The point of comparing The Great Replacement with The Plan isn't to suggest the situations are equivalent. For one thing, African Americans have particular historical reasons to distrust the government and other major institutions. It's striking how white fears of what might happen if they become a minority mirror Black Americans' actual experience. In addition to organized violence and systematic exclusion, that includes intentional displacement: Until the Civil War, even opponents of slavery mostly believed Black people could play no part in a essentially white nation and should be returned to their "real" home in Africa. And, within living memory, open racism played an important role in housing and development policy.
Moreover, it's not clear that whites really face minority status. My colleague Damon Linker has pointed out that Americans overestimate the size of minority populations.
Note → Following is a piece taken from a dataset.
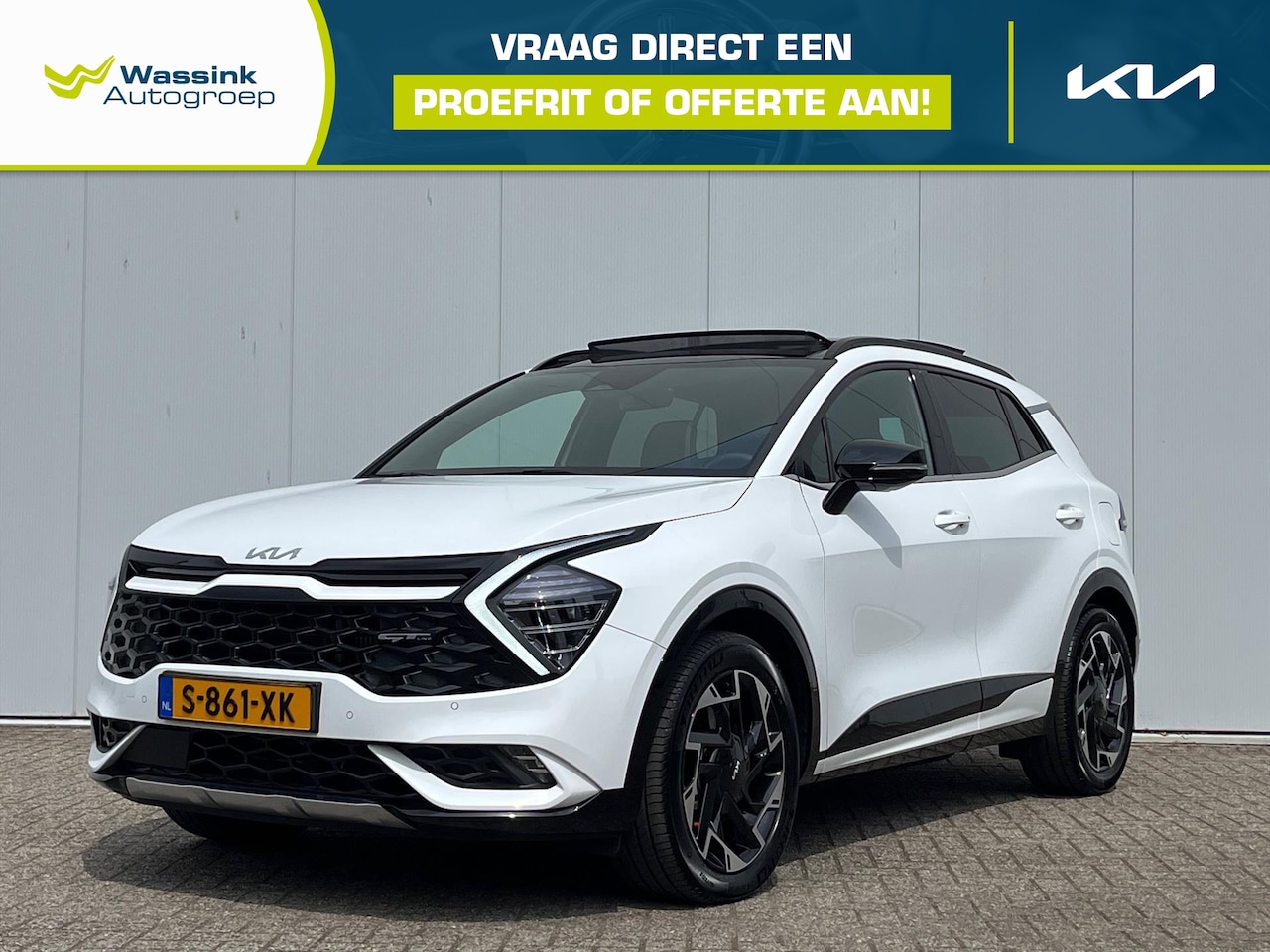 Kia Sportage - 1.6 T-GDi 265pk Plug-In Hybrid AT6 4WD GT-Line | Schuif- Kanteldak | Sensoren Voor + Achte - AutoWereld.nl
Demographers predict that at some point around 2050, the non-white population of the U.S. will become larger than the white population. But whites would remain a significant plurality even if ethnic identification remains constant — and there's reason to think that won't happen. Because the children of ethnic intermarriage often describe themselves as white regardless of their ancestry, predictions of white decline may turn out to be premature.
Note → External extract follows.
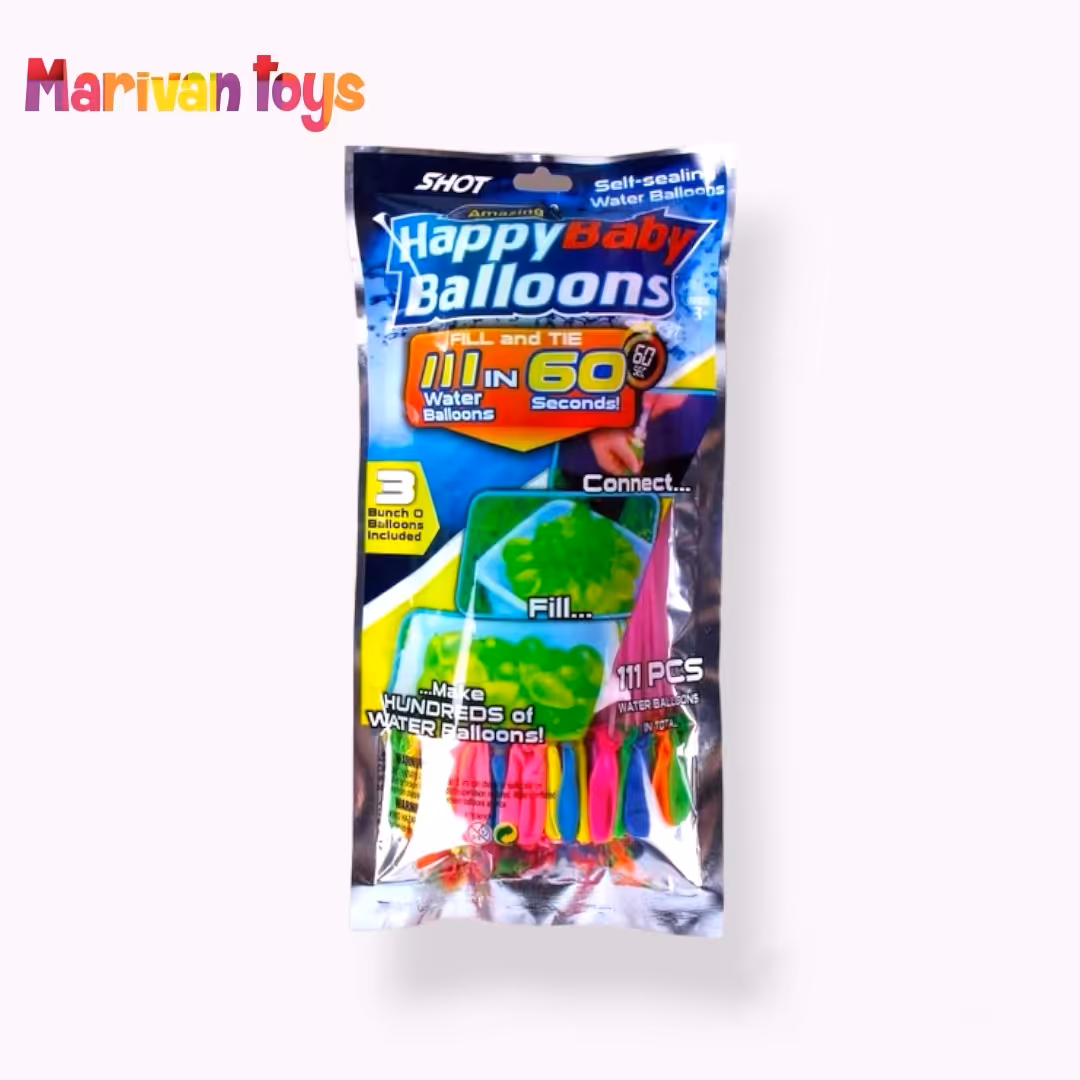 بادکنک آبی ( واتر بلونز ) 111 تایی جنس اصلی خارجی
Still, the comparison sheds light on the origins and appeal of conspiracy theories. A currently fashionable account, often linked to the concept of "disinformation," emphasizes the supply side: The hypothesis is that false and dangerous ideas seduce audiences who would otherwise be unaware or indifferent to such outlandish thinking. It seems to follow that the best strategy is to prevent the publication and circulation of those ideas. New York Governor Kathryn Hochul (D) made this logic of censorship explicit in comments on Sunday, when she suggested "hate speech" and "incendiary speech" is not protected by the First Amendment.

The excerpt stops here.